Solution: Starting from rest means that the initial speed is zero, $v_i=0$. The displacement in the time interval $\Delta t$ during constant acceleration motion is given by: \[\Delta x=\frac 12 a (\Delta t)^2+v_0 \Delta t \] First, we find the acceleration $a$.
Given the equation, note that $v_0$ is the initial speed at the start of the time interval.

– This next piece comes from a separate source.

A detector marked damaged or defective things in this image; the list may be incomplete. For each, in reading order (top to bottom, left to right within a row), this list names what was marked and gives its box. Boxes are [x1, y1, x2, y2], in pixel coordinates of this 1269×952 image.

During the first second ($\Delta t=1\,\rm s$), we have $v_0=0$. \begin{gather*} \Delta x =\frac 12 a(\Delta t)^2 + v_0 \Delta t \\\\ 2=\frac 12 (a) \times 1+0 \\\\ \Rightarrow \quad a=4\,\rm m/s^2 \end{gather*}
(a) The initial speed of the boulder at the beginning of the second second is the final speed for the first second, which can be found as: \begin{gather*} v^2-v_0^2=2a\Delta x \\\\ v^2-0=2(4)(2) \\\\ \Rightarrow \quad v=4\,\rm m/s \end{gather*} Now, this speed serves as the initial speed for the second time interval ($\Delta t=1\,\rm s$): \begin{align*} \Delta x &=\frac 12 a(\Delta t)^2 + v_0 \Delta t \\\\ &=\frac 12 (4)(1) + 4(1) \\\\ &=\boxed{\rm 6\, m} \end{align*}
(b) As we calculated, at the end of the first second, the boulder is moving at $4\,\rm m/s$.
The final speed at the end of the first second serves as the initial speed for the second second ($\Delta t=1\,\rm s$): \begin{align*} v&=v_0+at \\ &=4+(4)(1) \\ &=\boxed{8\,\rm m/s} \end{align*}

Your donation will help us keep our physics lessons accessible to students around the world. Thank you for your support.

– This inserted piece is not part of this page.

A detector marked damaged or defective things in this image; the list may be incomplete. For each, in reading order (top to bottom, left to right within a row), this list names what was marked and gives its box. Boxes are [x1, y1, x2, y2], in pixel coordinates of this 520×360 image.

Problem (4): when a pedestrian traffic light turns green, a cyclist waiting at the crossing starts ahead with a constant acceleration of $1.5\,\rm m/s^2$. At the same instant, a skateboarder traveling at a constant speed of 12 m/s overtakes and passes the cyclist.
(a) How far beyond the starting point does the cyclist overtake the skateboarder?
(b) How fast is the cyclist traveling when they overtake the skateboarder?

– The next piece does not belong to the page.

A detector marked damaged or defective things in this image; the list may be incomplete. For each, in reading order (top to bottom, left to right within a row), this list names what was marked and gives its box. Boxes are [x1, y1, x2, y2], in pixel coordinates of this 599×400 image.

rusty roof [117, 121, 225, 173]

Solution: We are given the following:
The cyclist's acceleration, $a=1.5\,\rm m/s^2$.
The constant speed of the skateboard, $v_s=12\,\rm m/s$.
The cyclist and the skateboarder will meet at the same point at the same time. Let's assume they meet at time $t$.
Distance traveled by the skateboarder: Since the skateboarder is moving with a constant speed, the distance $d_s$ covered by the skateboard in time $t$ is \begin{align*} d_s &=v_s t \\ &=12t \end{align*} Distance traveled by the cyclist: The cyclist starts from rest and accelerates with constant acceleration. The distance $d_c$ traveled by the cyclist in this time interval $t$ is: \begin{align*} d_c &=\frac 12 at^2 \\\\ &=\frac 12 (1.5) t^2 \end{align*}

(a) At the point where they meet each other, the distances are equal: \begin{align*} d_s&=d_c \\\\ 12t&=\frac 12 (1.5)t^2 \\\\ \Rightarrow \quad 1.5t^2&=24t \end{align*} Solving for $t$, we have $\boxed{t=16\,\rm s}$. Now, plug $t$ back into either equation to find the desired distance. \begin{align*} d_s &=12 t\\ &=12\times 16 \\ &=\boxed{192\,\rm m} \end{align*} Hence, the cyclist overtakes the skateboard 192 meters beyond its starting point.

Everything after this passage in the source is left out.